Video anomaly detection (VAD) systems often prioritize accuracy while overlooking privacy concerns, limiting their suitability for real-world deployment. We propose the Orthogonal Projection Layer (OPL), a lightweight module that removes task-irrelevant variations to produce representations focused on anomaly-relevant cues. To address privacy risks in human-centered scenarios, we introduce Guided OPL (G-OPL), which suppresses facial attributes using weak supervision from face-presence signals while preserving non-identifying features such as pose and motion. A cosine alignment objective enforces consistent capture and removal of facial information without identity labels or adversarial training. We further present a privacy-aware evaluation framework that jointly assesses detection performance and privacy preservation, and enables analysis of how sensitive information is filtered.

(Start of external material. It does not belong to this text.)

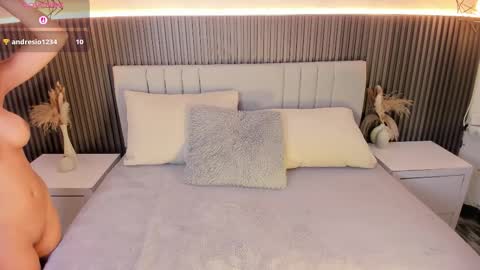 Snapshot of shanonclark chatting on 09/25/25, 07:28 SHANON online show from 09/25/25, 07:28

Experiments show that embedding privacy constraints into model design reduces sensitive information while maintaining or improving detection accuracy, supporting projection-based architectures as a principled approach for privacy-aware VAD.

Editorial analysis

A structured set of objections, weighed in public.

Desk editor's note, referee report, simulated authors' rebuttal, and a circularity audit. Tearing a paper down is the easy half of reading it; the pith above is the substance, this is the friction.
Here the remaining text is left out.